Close X

TopOCR - Bringing Enhanced Tesseract OCR to Document Cameras

Tesseract LSTM OCR is a super accurate multi-lingual OCR classifier that has been optimized for TopOCR with greatly enhanced accuracy and speed compared to the standard release.

Tesseract LSTM OCR (LSTM Recurrent Neural Network + Static Classifier Architecture)


Tesseract LSTM OCR can read eleven different languages (English, Danish, Dutch, Finnish, French, German, Italian, Norwegian, Portuguese, Spanish, Swedish). The primary character classifier function in Tesseract OCR is based on an implementation of a Long Short-Term Memory neural network or LSTM network. LSTM neural networks outperform all other alternative neural network architecture models for this type of pattern recognition and also outperform the more "classical" character recognition algorithms used by the top selling commerical OCR products. For example, an LSTM network achieved the best known results in unsegmented connected handwriting recognition, and in 2009 won the ICDAR handwriting competition. If Tesseract's LSTM neural network recognizer fails on a particular character sequence, it can "fall-back" to its generic static shape classifier to make the determination. So in essence, Tesseract LSTM is actually two OCR classifiers.

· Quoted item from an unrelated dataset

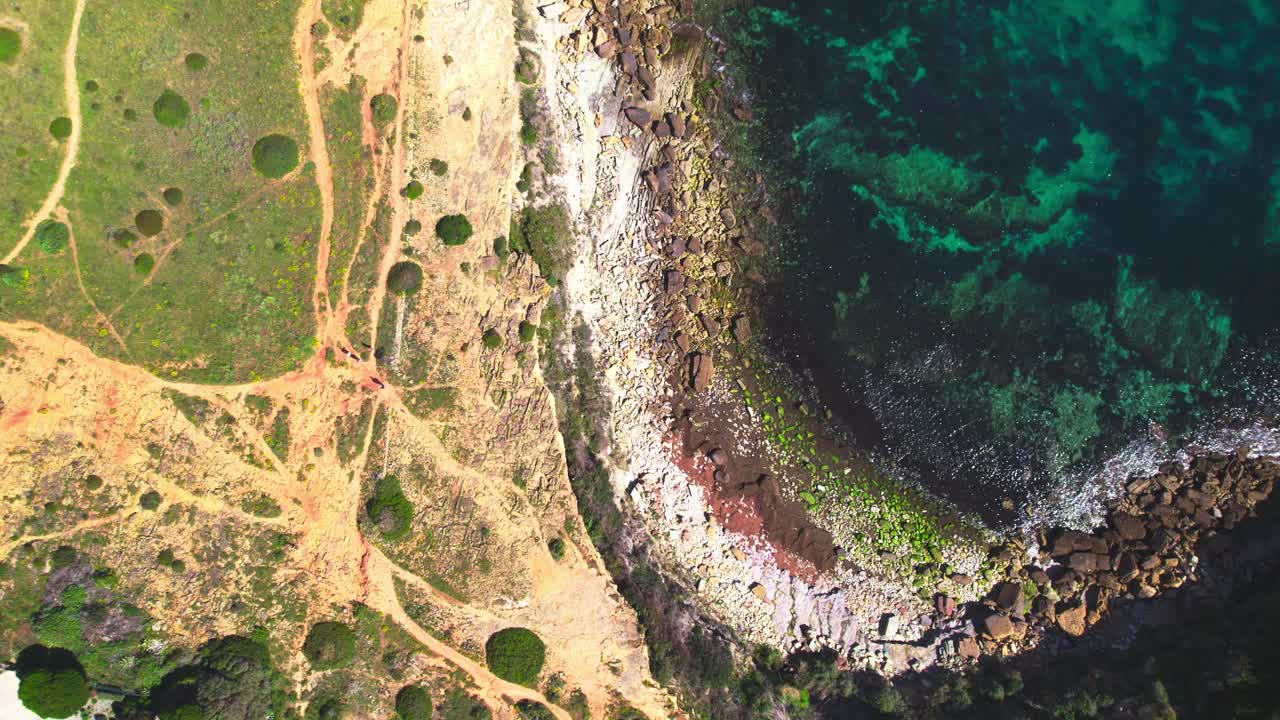 People On The Rocky Shores Of Tropical Beaches In Algarve, Portugal. Aerial Ascending Shot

The amount of computation required for LSTM network character recognition is about 50 times greater than for character recognition performed using a static classifier. To help speed up the processing, we are utilizing either SSE4.2 or AVX instructions for the inner neural network calculations. We have also achieved a significant performance increase by making extensive use of multi-threading (running on multiple-CPUs) in the most CPU intensive portions of the OCR and image processing functions. To optimize multi-threading, TopOCR will automatically scale the number of threads the program uses based on the number of processors or "cores" on your PC. On a low-end DeskTop PC using a 4-core Intel 3.4GHz i7-6700 CPU, our implementation of Tesseract's LSTM neural network OCR engine takes about 4 seconds to read a 5.0 MP image and TopOCR's image pre-processing (binarization and straighten columns) adds about another second. Because of the enormous performance improvement achieved by using multi-processing, we recommend ONLY running TopOCR on a 4-core or better CPU! As 8-core and even 16-core and larger CPUs become more mainstream, TopOCR will be able to automatically scale it's performance for these CPUs!

Please note that in this release, Tesseract LSTM calculations will automatically switch to the AVX or AVX2 instruction set if it is supported by your CPU, otherwise it will fallback to using the SSE4.2 or SSE special instruction sets.